This equation in thearticle is label as equation (3) at the third paragraph just after Lemma 3.1 therein.
I n a simple writing the above equation can be readily rewritten as follow. $$-(\lambda_1+\delta)v_1(x)+\mu_1v'_1(x) +\frac{1}{2}\sigma_1^2 v_1''(x) +\lambda_1v_{2}(x)=0. $$
$$-(\lambda_2+\delta)v_2(x)+\mu_2v'_2(x) +\frac{1}{2}\sigma_2^2 v_2''(x) +\lambda_2v_{1}(x)=0. $$ The unknown are $v_1$ and $v_2$.
where we respectively replace $i$ by $1$ and $2$.
For sake of simplicity assume that all the constants are chosen so that this system posses a general solution $(v_1,v_2)$.

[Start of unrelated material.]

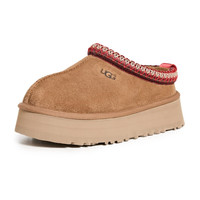 UGG 女式 Tazz II 拖鞋, 栗色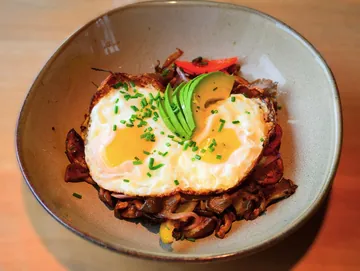 Garden Breakfast Bowl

How do I solve this system I tried put this equation in the matrix form (X'=AX)using substitution but couldn't end up with something very clear.
I would like to to find an elegant way to solve the system. Any hint or solution is warmly welcome.
Note that I do not really care about the constants(They aere actually pointless) I just want any method with which I could overcome such equation.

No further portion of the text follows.